Cómo mueren las democracias: el caso de Chile
El 2023 estará marcado por al menos 2 hitos relevantes en materia política, por un lado, la conmemoración de los 50 años del quiebre democrático ocurrido en 1973 y, por otro, el tercer intento de elaboración de una nueva Constitución. Frente a estos dos hechos surge la pregunta: ¿son las constituciones y su diseño institucional la única forma de salvaguardar o garantizar la democracia? Y la respuesta es que no. Si bien es cierto las constituciones establecen las reglas del juego democrático y muchas veces institucionalizan las prácticas y reglas que controlan el poder, no necesariamente evitan que las sociedades sucumban a la demagogia o la violencia, o que ciertos actores políticos deriven en tiranos.

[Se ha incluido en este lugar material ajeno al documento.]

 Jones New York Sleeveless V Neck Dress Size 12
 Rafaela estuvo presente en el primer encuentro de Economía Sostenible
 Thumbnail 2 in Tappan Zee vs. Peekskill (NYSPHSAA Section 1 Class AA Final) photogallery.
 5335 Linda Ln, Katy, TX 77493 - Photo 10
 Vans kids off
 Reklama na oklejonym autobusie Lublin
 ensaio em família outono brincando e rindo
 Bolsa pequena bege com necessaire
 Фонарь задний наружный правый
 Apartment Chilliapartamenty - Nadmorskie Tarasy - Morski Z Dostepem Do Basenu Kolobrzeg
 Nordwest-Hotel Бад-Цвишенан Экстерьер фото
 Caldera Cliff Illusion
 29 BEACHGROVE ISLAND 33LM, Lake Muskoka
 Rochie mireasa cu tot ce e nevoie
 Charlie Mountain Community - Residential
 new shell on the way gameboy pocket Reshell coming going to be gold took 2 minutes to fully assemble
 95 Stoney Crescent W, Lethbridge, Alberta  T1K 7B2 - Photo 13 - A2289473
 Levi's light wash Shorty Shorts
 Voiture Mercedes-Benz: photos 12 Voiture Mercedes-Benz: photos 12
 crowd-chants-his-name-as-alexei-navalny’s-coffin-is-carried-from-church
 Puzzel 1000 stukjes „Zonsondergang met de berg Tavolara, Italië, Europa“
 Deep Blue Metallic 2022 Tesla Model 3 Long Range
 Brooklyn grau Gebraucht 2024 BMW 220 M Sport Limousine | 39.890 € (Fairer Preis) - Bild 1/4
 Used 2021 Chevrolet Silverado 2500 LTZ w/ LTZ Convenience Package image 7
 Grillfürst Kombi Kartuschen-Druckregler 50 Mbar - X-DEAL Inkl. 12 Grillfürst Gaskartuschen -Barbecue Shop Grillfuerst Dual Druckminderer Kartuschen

Una lección que ya deberíamos tener aprendida es que sostener una democracia depende de la existencia de una cultura democrática vigorosa. Según los profesores de Harvard Steven Levitsky y Daniel Ziblatt, en su célebre libro Cómo mueren las democracias, estas no se sostienen solamente a través de normas y constituciones escritas, sino que requieren también de ciertas reglas no escritas que son socialmente respetadas por toda la comunidad. Aquello constituye las prácticas políticas democráticas de una sociedad determinada. De esa forma, estas normas democráticas establecen reglas de convivencia, como no recurrir a la violencia y el vandalismo para expresar demandas, que evitaría el desmoronamiento de las reglas comunes y que abre la puerta a un conflicto fratricida entre los miembros de una misma comunidad.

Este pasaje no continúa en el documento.